Of the 45 countries tracked by Organisation of Economic Cooperation and Development, all are growing and many are accelerating. With the global financial crisis nearly a decade in the rear-view mirror, the dread, fear, and caution it generated is starting to fade. So, even if structural forces pressure long-term yields lower, cyclical forces of solid growth momentum should push rates higher in the near-term.

In particular, the Eurozone and Japan are surging, with positive news from the US and China

Economic sentiment in the Eurozone is approaching a 17-year high as confidence improved in every sector and country. Inflation in Italy stays modest at 1.12% over the prior year in September and unemployment is falling and job gains are healthy.

Although growth in Japan is shy of the 2.5% annualized pace of the second-quarter, Prime Minister Abe is confident enough to call a snap election for October 22nd. Spurred on no doubt by a 15 year high in labor force participation rate is the highest in nearly fifteen years, record corporate profits and investment is picking up.

The U.S. is remaining consistently positive. Confidence is high, job growth is robust, and inflation is subdued.  Over in China manufacturing and service businesses are improving and although growth is not accelerating, but no near-term hard landing is anywhere in sight.
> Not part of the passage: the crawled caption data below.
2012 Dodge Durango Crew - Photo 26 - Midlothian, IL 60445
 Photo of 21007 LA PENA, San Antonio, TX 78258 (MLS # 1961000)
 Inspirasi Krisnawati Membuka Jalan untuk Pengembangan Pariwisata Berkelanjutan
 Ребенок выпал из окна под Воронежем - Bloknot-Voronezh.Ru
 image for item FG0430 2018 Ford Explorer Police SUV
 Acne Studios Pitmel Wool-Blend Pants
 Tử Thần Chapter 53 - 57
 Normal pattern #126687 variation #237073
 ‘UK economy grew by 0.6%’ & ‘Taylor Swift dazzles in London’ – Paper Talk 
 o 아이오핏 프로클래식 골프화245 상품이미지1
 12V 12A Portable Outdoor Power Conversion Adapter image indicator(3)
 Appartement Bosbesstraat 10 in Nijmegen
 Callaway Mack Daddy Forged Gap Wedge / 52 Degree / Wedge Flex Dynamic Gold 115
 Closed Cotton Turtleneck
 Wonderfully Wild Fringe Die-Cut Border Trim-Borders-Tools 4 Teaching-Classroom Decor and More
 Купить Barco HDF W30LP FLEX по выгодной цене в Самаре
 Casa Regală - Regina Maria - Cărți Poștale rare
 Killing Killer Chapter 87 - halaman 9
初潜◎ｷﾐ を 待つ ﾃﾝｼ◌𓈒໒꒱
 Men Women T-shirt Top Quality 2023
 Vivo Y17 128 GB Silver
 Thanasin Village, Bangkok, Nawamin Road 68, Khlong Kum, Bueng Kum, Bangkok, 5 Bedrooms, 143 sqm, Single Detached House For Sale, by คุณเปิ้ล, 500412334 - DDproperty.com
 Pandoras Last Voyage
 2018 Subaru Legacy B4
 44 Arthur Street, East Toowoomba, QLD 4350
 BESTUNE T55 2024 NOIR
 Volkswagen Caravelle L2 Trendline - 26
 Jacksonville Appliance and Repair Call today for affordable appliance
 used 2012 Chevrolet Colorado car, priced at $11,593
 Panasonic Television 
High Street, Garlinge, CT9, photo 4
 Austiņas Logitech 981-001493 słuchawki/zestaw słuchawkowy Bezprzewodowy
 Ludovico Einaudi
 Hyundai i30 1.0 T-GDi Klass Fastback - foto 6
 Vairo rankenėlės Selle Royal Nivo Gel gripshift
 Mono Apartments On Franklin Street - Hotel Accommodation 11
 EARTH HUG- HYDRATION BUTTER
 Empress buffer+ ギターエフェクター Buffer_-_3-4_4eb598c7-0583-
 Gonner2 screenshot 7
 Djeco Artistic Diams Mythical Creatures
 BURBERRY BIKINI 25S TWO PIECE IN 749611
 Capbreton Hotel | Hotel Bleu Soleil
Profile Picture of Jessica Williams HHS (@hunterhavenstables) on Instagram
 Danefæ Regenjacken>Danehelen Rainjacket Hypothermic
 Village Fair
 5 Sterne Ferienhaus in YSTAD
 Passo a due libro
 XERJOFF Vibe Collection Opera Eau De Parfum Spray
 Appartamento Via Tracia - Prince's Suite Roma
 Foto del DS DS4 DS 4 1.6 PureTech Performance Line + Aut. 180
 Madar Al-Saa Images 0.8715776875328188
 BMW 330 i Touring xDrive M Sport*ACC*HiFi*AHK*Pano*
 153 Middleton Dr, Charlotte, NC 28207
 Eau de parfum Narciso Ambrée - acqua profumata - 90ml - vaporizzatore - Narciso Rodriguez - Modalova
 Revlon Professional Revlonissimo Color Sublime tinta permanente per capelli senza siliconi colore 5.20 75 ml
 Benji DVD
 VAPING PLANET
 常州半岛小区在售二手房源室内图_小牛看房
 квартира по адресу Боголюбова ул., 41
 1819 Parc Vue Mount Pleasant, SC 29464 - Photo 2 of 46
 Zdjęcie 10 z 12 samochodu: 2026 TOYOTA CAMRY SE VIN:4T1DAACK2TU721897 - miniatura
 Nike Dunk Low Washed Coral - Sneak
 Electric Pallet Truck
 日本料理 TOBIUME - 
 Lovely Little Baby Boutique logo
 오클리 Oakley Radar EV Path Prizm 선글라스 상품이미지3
Robust growth and less accommodation

The world expansion rolls on and central banks are contemplating reducing monetary ease. With higher oil prices, solid global growth, and fading investor caution, long-term sovereign bond yields should work higher into year-end.

Asset allocation: return to reflation

Cyclical securities rebounded in September because investors judged the global upturn to be self-sustaining. Robust economic conditions suggest there’s more rally ahead. However, rising interest rates or inflation concerns could trigger a correction from high valuations.

What happens when governments are supplying fiscal stimulus to already robust economies rather than during recessions or tough times

We may soon find out.. The U.S. Congress will soon discuss a tax bill with large business tax cuts. Japanese officials suggest future tax hike proceeds be used to support education. The German election combined with French President Macron’s plans for a more integrated Europe may result in looser budget constraints. Cuts to required reserves in China are also a stimulus. If reflation doesn’t ignite on its own, fiscal stimulus may do it, perhaps even bringing concerns of overheating.

Looking ahead

The global economy is likely at peak growth momentum now. Any deceleration into year-end or beyond coupled with higher long-term rates could precipitate a correction. So, the potential for a longer rally is still there, but interim risk is rising. Those of the faint of heart might want to use this rally to take a few more chips off the table.